The bright side is, people are more stingy with hugging.
Weird times. I had to check the history books. How the hell did Prohibition follow the Spanish Flu? World War I just ended. This flu thing kept a lot of people locked in. So, let’s outlaw booze. It’s not surprising that speakeasys and bootlegging made the Roaring Twenties roar.
People were isolated for long stretches and then had to go out and socialize. Of course, that stuff made in the bathtub looked delicious.
Socializing is not like riding a bike. Socializing is more like software. You learn a program or figure out how to do something and then you don’t use it for a while and then you forget. How the eff did I do that?
See, even if I don’t feel weird, the other person might feel weird and I want to respect that.
And then, of course, I might be misreading them. I’m looking at them about maybe feeling weird and they’re not feeling weird which makes me look weird for looking at them like they might feel weird. Follow?
And just two weeks ago, somebody starts talking to me and I’m immediately confused. The conversation from her side is familiar, like we know each other. And again, a big question mark starts forming over my head for the whole world to see. Finally, she says, “We’ve met.”
And gave me a look, like yeah, several times.
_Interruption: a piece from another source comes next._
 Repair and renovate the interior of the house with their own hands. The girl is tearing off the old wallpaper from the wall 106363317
Huh? I died on the spot and didn’t hear anything else. She soon went on her way and I googled memory pills. You know when you lose your keys and you think, uh oh, I’m losing it. At least when you find your keys they don’t say, we’ve met.
But hallelujah, I realize something, and it’s a kick, save and a beauty. I’m not losing it. I met her, yes. But the first time and the second and third time I met her, she was wearing a mask. Without the mask, she’s a different person.
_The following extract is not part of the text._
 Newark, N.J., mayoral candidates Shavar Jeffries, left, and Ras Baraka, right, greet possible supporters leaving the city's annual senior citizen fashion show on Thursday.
I feel better for about ten seconds. Then I start worrying about all the people I should say hello to but I won’t because I won’t recognize them once I see below the bridge of their nose. I guess the bright side is I’ll be able to read lips again and won’t be so damn deaf.
Truth is, I wish I had a mask for my eyes so I could hide them when they pop out of my head.
A lot of people look, uhm, different from the last time I saw them. It works both ways. I’ve aged in dog years and I’m not surprised when people ask if I have a younger brother named Kevin.
Don’t get me wrong. It’s fun to be out and about. I’m just saying, it’s just still a little weird. And if I don’t recognize you, it’s probably because I made my own hooch, and I’m just trying to fit in the roaring twenties.